#### Data excerpts

* * * *

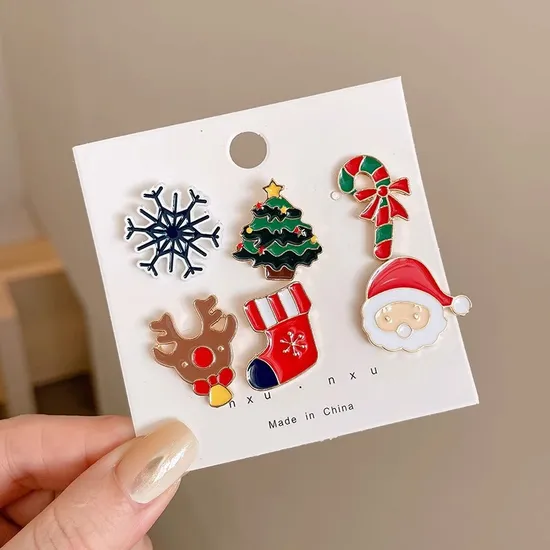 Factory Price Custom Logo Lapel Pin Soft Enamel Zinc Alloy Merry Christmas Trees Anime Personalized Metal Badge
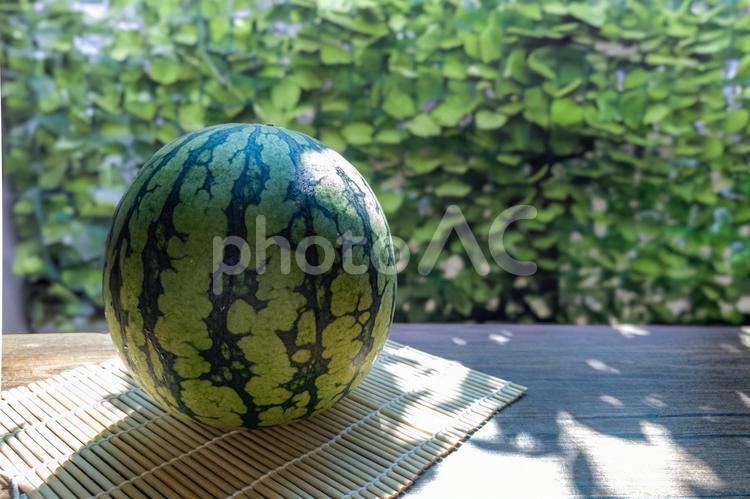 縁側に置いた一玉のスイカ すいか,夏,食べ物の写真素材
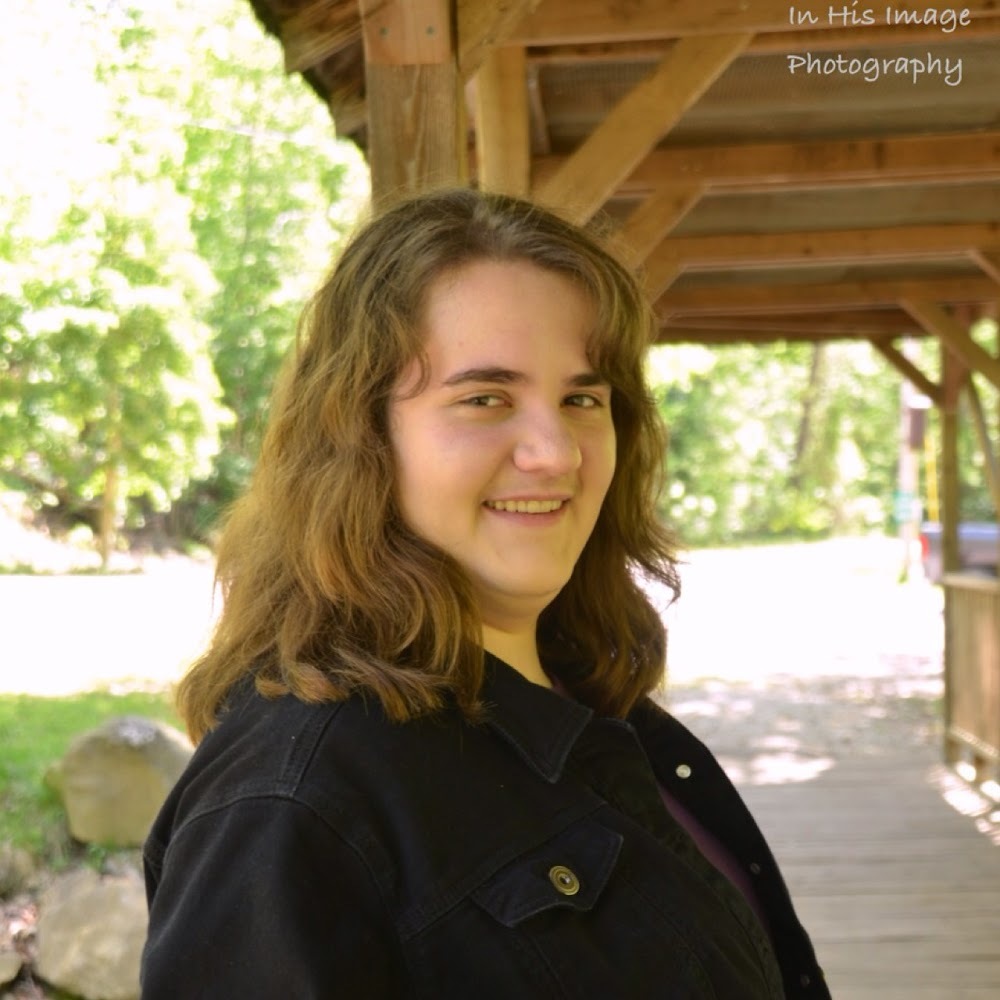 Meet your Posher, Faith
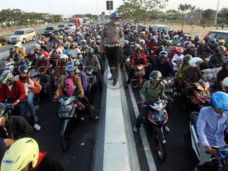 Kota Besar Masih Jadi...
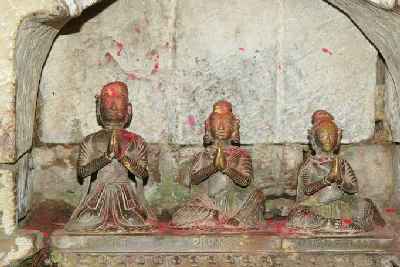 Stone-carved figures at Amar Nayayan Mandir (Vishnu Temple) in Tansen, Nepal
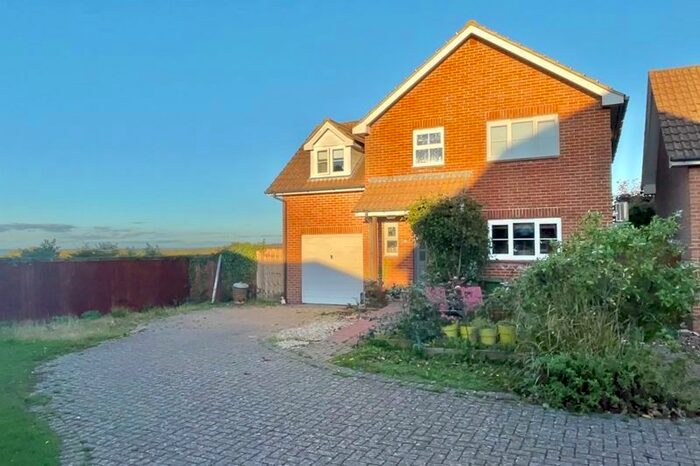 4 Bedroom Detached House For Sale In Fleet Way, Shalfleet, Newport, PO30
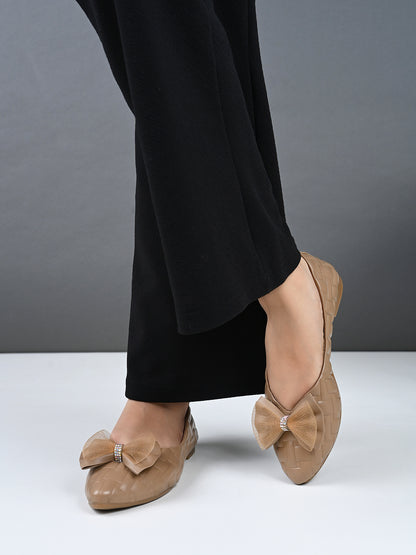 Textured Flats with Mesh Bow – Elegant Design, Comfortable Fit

* * * *

#### Goal of the exercise
Leave out every picture and copy, exactly as written, the lines from the one with "Stone-carved figures at" through the end of the records above.

#### Written solution
 Stone-carved figures at Amar Nayayan Mandir (Vishnu Temple) in Tansen, Nepal
 4 Bedroom Detached House For Sale In Fleet Way, Shalfleet, Newport, PO30
 Textured Flats with Mesh Bow – Elegant Design, Comfortable Fit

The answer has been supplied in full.